Source material:

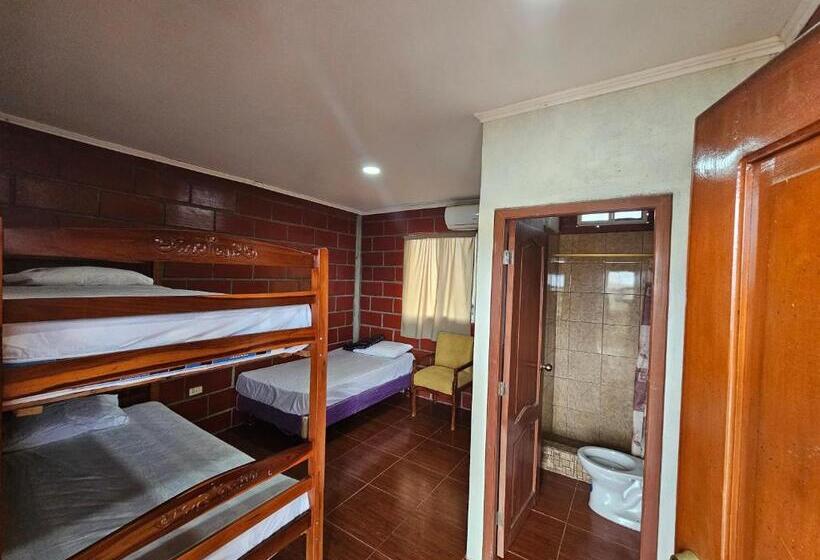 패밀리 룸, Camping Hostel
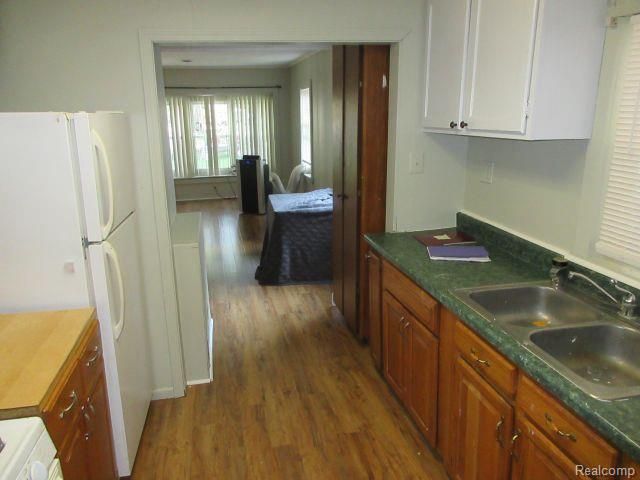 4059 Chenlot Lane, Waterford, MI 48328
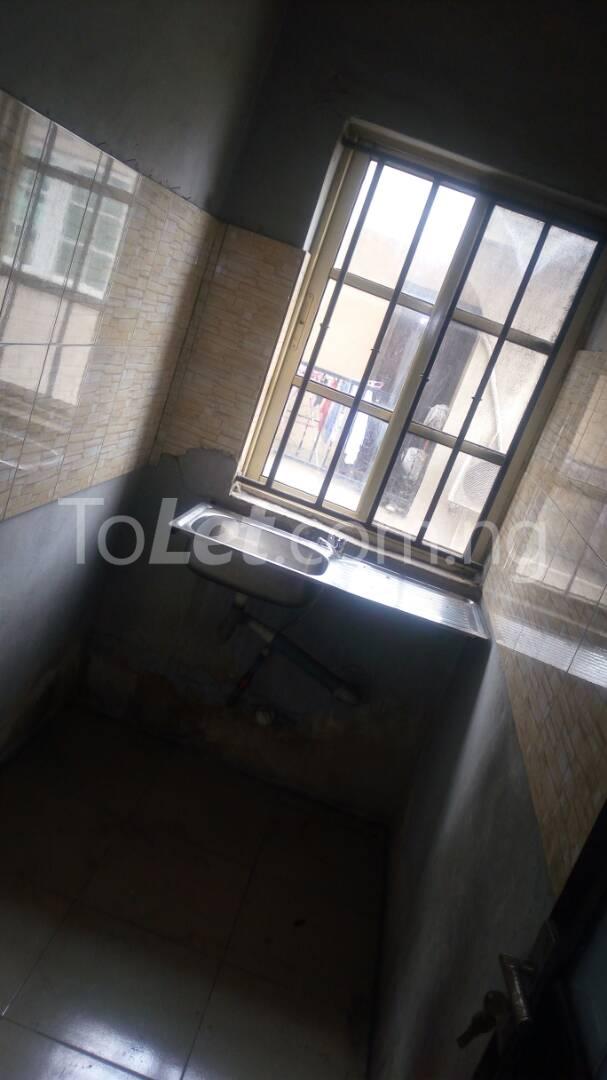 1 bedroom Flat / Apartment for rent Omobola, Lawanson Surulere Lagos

What this task involves:
The line with "4059 Chenlot Lane, Waterford, MI 48328" marks the start, and the last line of the material marks the end. Reproduce exactly those two lines and every line between them, without the pictures.

Your solution:
 4059 Chenlot Lane, Waterford, MI 48328
 1 bedroom Flat / Apartment for rent Omobola, Lawanson Surulere Lagos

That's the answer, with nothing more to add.